Marking the 175th anniversary of Myasoedov’s birth, it is worth speaking about his most famous painting, since to this day little has been known about it.

There is practically no information about the history of the creation of the painting. In her monograph dedicated to Myasoedov, Irina Shuvalova writes’, “Unfortunately, the history of this work’s creation is unknown to us. Not a single initial sketch has been preserved. There are no written testimonies of the artist or his friends about how and where he worked on the painting...” Earlier, Natalya Masalina2, one of Myasoedov’s first biographers, wrote, “The history of ‘The ‘Zemstvo’ on Lunch Break’ remains unknown. The artist might have observed a similar scene in real life. It is no coincidence that under the influence of this painting, Garshin, a famous writer, wrote the history of N-sky Country Council.”

We have managed to some extent to unveil the issue of where the master might have seen a similar scene.

Grigory Myasoedov was not just an artist, but also the son of a small estate nobleman. That means that, from time to time, he had to visit the “zemstvo” at the district of his father’s estate. This was the direction in which we conducted our search.

In the second half of the 19th century, the village Pankovo, where Myasoedov was born and raised, and where his father’s estate was located, was part of the Novosilsky district of the Tula province. That is why I wrote a letter to the Novosilsky regional natural history museum. In that letter there was a request to identify the building, to compare the building in Grigory Myasoedov’s painting with the building of the former local district “zemstvo”. Maria Kaznacheeva, the museum’s director, informed me that the building of the district “zemstvo” was completely destroyed during the war, and after it was restored, it looked different. There are no surviving photographs of the old building. However, in the museum’s collection there is a written testimony of the village of Pankovo’s native Anany Semenovich Remnev, who worked in the building of the former “zemstvo” in the early post-revolutionary years. Remnev writes that this is that same building depicted in the painting of his famous fellow-villager. This testimony reads: “The porch and the fagade of the building in general, the arrangement of the windows remind me precisely of the building of the former Novosilsky ‘Zemstvo’. Evidently, Myasoedov saw it and put it on canvas.” As if persuading his future opponents, Remnev stresses once again: “The building of the Novosilsky ‘Zemstvo’ had exactly the same fagade and porch. On January 28 1918, the first District Congress took place, and afterwards the District’s Executive Committee was there. I was a secretary there, a member of the Presidium.”
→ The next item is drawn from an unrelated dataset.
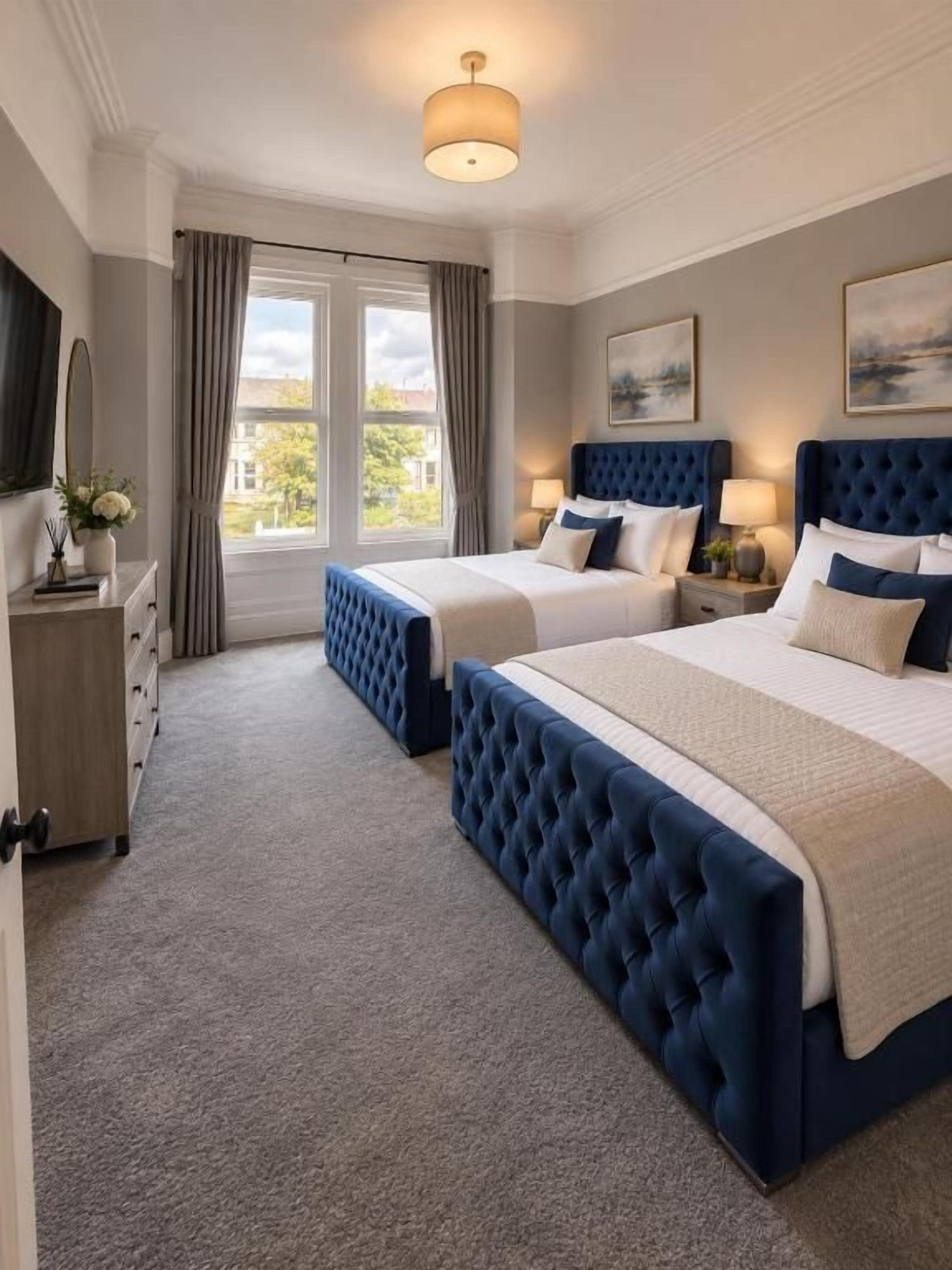 A hotel room with two beds, a large window, and a view of the outside.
This is how Maria Kaznacheeva comments on this information: “Anany Remnev was elected deputy of the District Executive Committee in 1920-1922. He visited our Museum. I knew him very well. He claimed that it is the Novosilsky ‘Zemstvo’’s building that is depicted in the painting. I do believe Anany Semenovich.”

Thanks to these testimonies, we may be fairly confident in saying that Myasoedov painted his famous piece based on local material, having depicted the scene of a meager peasant meal on the background of the Novosilsky District ‘Zemstvo’’s Council of the Tula province. This is easy to believe, because on his breaks from the Academy of Arts the young Grigory Myasoedov might have visited Novosil in place of his aging father, and he might have visited the “Zemstvo” as well. If you leave the village early, in the cool of the morning—it is about forty versts from Pankovo to Novosil — you may arrive right in time for lunch without any haste.
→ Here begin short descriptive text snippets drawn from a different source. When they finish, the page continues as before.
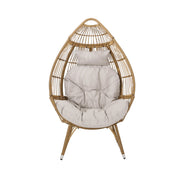 Noble House teardrop-shaped basket accent chair with water-resistant cushion in natural finish, stylish and comfortable for indoor or outdoor use.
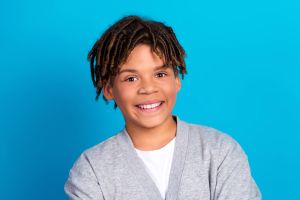 Smiling young man on blue background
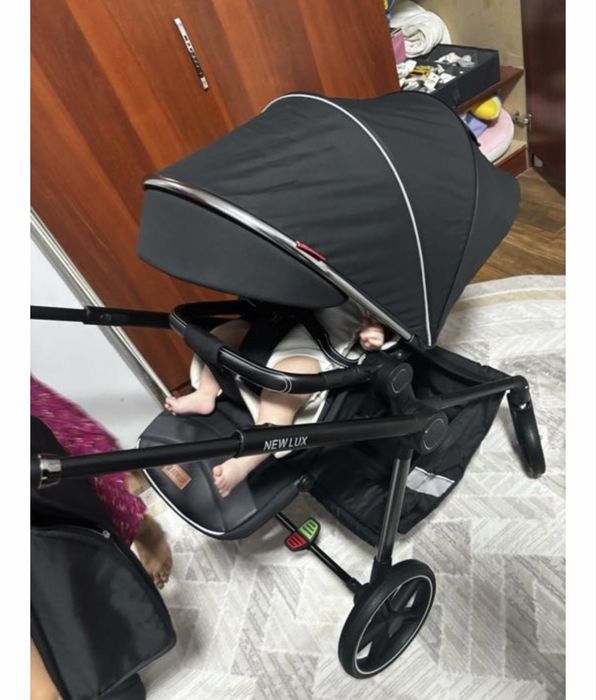 New lux коляска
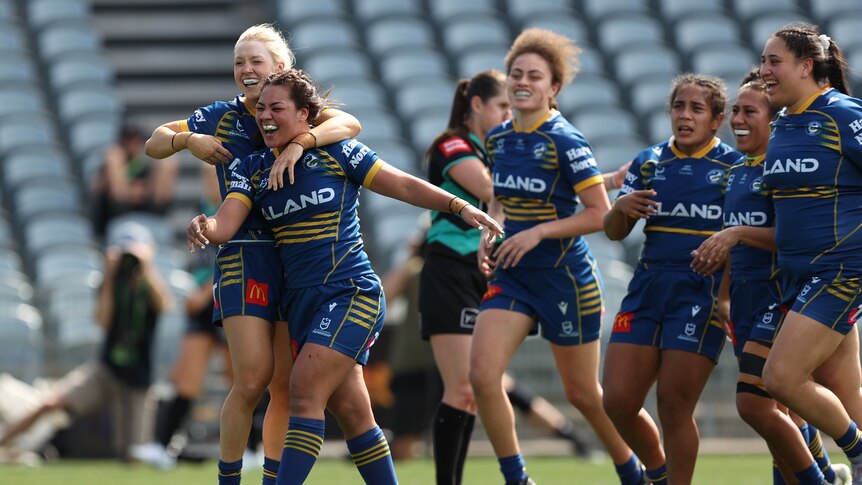 A group of women's rugby league players celebrate a win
Of course, the sharp eye of the artist could not help being attracted to such a scene, full of special meaning. And thus the artist conceived of the work that was destined to become world famous.

So, what is it that draws us to this painting, which is so simple on the surface?

Nothing special, it seems. Against the light wall of the building, several peasants are resting and eating their meager lunch. They are the peasant participants of the “Zemstvo” meeting, who walked out of stuffy rooms to eat what simple food they had: some are chewing plain bread, some spice it up with a dash of salt, some — with a bunch of spring onions. They are all united by sad thought, they had little hope for a just decision of their painful issues.

The compositional arrangement of the people’s group in the form of a wave implies the limitless potential strength hidden in the seemingly submissive and taciturn peasantry. Such a wave may tear everything down on its way. But for now the peasants are thoughtful and calm. In Myasoedov’s painting we see the lively faces of working people. The figures and poses are convincing and natural — these are not posing models, but real people.

As for the purely painterly tasks, the artist used contrast as an expressive solution: the peasants’ figures are seen as solid forms against a light yellow wall. In the foreground, the cold shadow of the building is next to an illuminated sunny rhomboid section. There is fresh greenery in the lower right corner of the painting, where the artist places the figure of a peasant, creating the contrast of light and colour.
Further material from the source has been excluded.